J Pancreat Cancer. 2020 Mar 12;6(1):21-31. doi: 10.1089/pancan.2019.0018. eCollection 2020.
This was an open-label phase 1a study assessing the maximum tolerated dose (MTD), safety, and tolerability of CXCR4 peptide antagonist, LY2510924, administered in combination with durvalumab in patients with advanced refractory solid tumors. Patients received LY2510924 at 20, 30, or 40 mg subcutaneous (SC) once daily in combination with durvalumab at 1500 mg intravenously (IV) on day 1 of each 28-day cycle. The primary objective was to assess the MTD and safety of LY2510924 SC daily in combination with durvalumab in patients with advanced (metastatic and/or unresectable) solid tumors. Secondary objectives included pharmacokinetics (PK) and the antitumor activity of LY2510924 in combination with durvalumab. Exploratory objectives were biomarker analysis, including pharmacodynamic markers, relevant to LY2510924 and durvalumab, including immune functioning, drug targets, cancer-related pathways, and the disease state. Nine patients (three each at 20, 30, and 40 mg) were enrolled in the study (eight patients with pancreatic cancer and one patient with rectal cancer). The majority of patients completed one or two cycles (100.0% ≥ 1 cycle; 88.9% ≥ 2 cycles) of LY2510924 and durvalumab. No dose limiting toxicities were reported. Most common (>10%) treatment-emergent adverse events were injection-site reaction (44.4%), fatigue (33.3%), and increased white blood cell count (33.3%). PK parameters for combination were similar to those reported in previous studies when given as monotherapy. Best overall response of stable disease was observed in four (44.4%) patients and one patient had unconfirmed partial response. The recommended phase 2 dose is 40 mg SC once-daily LY2510924 in combination with durvalumab 1500 mg IV and showed acceptable safety and tolerability in patients with advanced refractory tumors.

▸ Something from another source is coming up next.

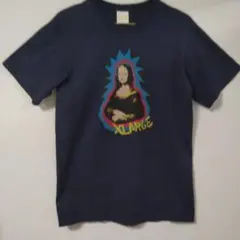 ＸＬＡＲＧＥ メンズＴシャツ　Ｓサイズ 濃紺色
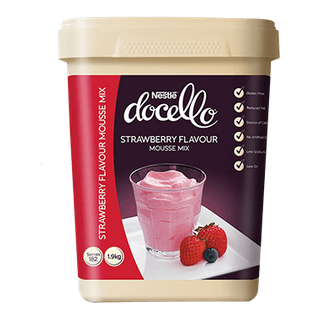 Mousse Mix Strawberry Docello "Maggi"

这是一项开放标签的1a期研究,评估CXCR4肽拮抗剂LY2510924与度伐利尤单抗联合给药于晚期难治性实体瘤患者时的最大耐受剂量(MTD)、安全性和耐受性。患者在每28天周期的第1天,接受皮下注射(SC)20、30或40mg的LY2510924,每日一次,并静脉注射(IV)1500mg度伐利尤单抗。主要目的是评估LY2510924皮下每日给药联合度伐利尤单抗用于晚期(转移性和/或不可切除)实体瘤患者的MTD和安全性。次要目的包括药代动力学(PK)以及LY2510924与度伐利尤单抗联合使用时的抗肿瘤活性。探索性目的是生物标志物分析,包括与LY2510924和度伐利尤单抗相关的药效学标志物,包括免疫功能、药物靶点、癌症相关通路和疾病状态。9名患者(20mg、30mg和40mg剂量组各3名)入组本研究(8例胰腺癌患者和1例直肠癌患者)。大多数患者完成了1个或2个周期(100.0%≥1个周期;88.9%≥2个周期)的LY2510924和度伐利尤单抗治疗。未报告剂量限制性毒性。最常见(>10%)的治疗中出现的不良事件为注射部位反应(44.4%)、疲劳(33.3%)和白细胞计数升高(33.3%)。联合用药时的PK参数与既往单药治疗研究报告的参数相似。4例(44.4%)患者观察到疾病稳定的最佳总体缓解,1例患者有未经证实的部分缓解。推荐的2期剂量为皮下注射40mg的LY2510924每日一次,联合静脉注射1500mg度伐利尤单抗,在晚期难治性肿瘤患者中显示出可接受的安全性和耐受性。